Notwendig ist es mithin, Entscheidungen zu treffen. Jene, denen dies gelungen ist, erschienen Opitz bei seinen Recherchen als die glücklicheren Menschen. Doch Opitz weiß auch: "Wir können aussteigen, in die Alpen gehen und Käse machen. Aber nicht alle." Wir anderen unterliegen nach dem Befund des Soziologen Hartmut Rosa einer eisernen "Logik der Konkurrenz", die zu immer größerer Beschleunigung antreibt. Das Tempo  bestimmt jedoch nicht länger der Mensch, sondern die Technik. "Wir sind längst auf Autopilot" – so das düstere Fazit des Films.

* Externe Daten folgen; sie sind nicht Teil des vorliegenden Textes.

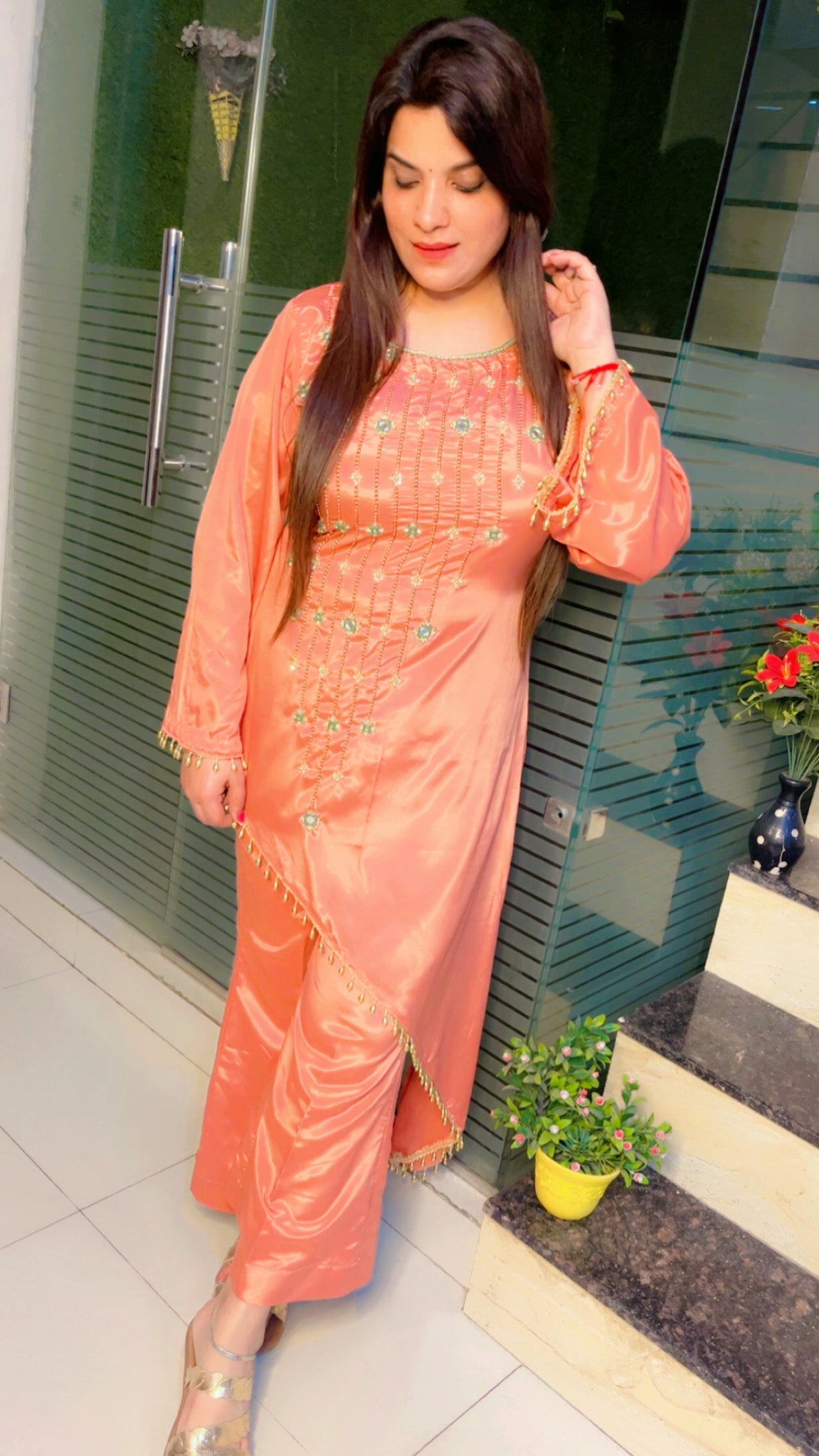 Peach Pink Hand Embroidered Kurti Set (KS006)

Ganz so finster ist es im deutschen Parlament noch nicht, von einer gigantischen Überforderung  wusste aber auch der SPD-Bundestagsabgeordnete Marco Bülow zu erzählen: immer komplexere Sachverhalte, jedoch immer weniger Zeit und Ressourcen – diese ungute Mischung sorge vielfach für ein gefährliches Halbwissen: "Ich fühle mich häufiger nicht in der Lage, Gesetze zu überblicken", räumte Bülow offenherzig ein.

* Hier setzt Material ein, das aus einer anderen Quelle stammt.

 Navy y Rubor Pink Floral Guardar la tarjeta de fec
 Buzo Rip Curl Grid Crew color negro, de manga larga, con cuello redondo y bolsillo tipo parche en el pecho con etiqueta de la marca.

Über Gefahren, die aus solcher Unübersichtlichkeit für unsere Demokratie resultieren, wurde nicht disputiert – vermutlich aus Zeitgründen. Stattdessen gelang es Sten Nadolny, der mit seinem Anfang der 80er Jahre erschienenen Roman "Die Entdeckung der Langsamkeit" berühmt geworden ist, dem Abend etwas von allzu großer Schwere und Betrübnis zu nehmen. "Die Lage ist hoffnungslos, aber nicht ganz ernst", widersprach der Schriftsteller mit erfrischender Lässigkeit den diversen Schreckensszenarien. "Twittern ist eine schlechte Angewohnheit wie Nägelkauen" – noch ein Merksatz. "Man muss es nicht wirklich, man macht es auch ganz gern." Das Jammern über die Zeitknappheit ist so gesehen "viel Theater", und neu ist es für Nadolny auch nicht: "Wenn ich einen Roman schreibe, dann beklage ich mich auch darüber, zu wenig Zeit für anderes zu haben. Aber ich will es so."

Das Publikum, vor allem Bundestagsabgeordnete und deren Mitarbeiter, ließ sich mehrheitlich ohnehin nicht über Gebühr erschüttern. Rege wurden während der Diskussion Smartphone-Tastaturen bedient – vielleicht, um ein Resümee des Abends ohne Verzug in die Welt hinaus zu twittern.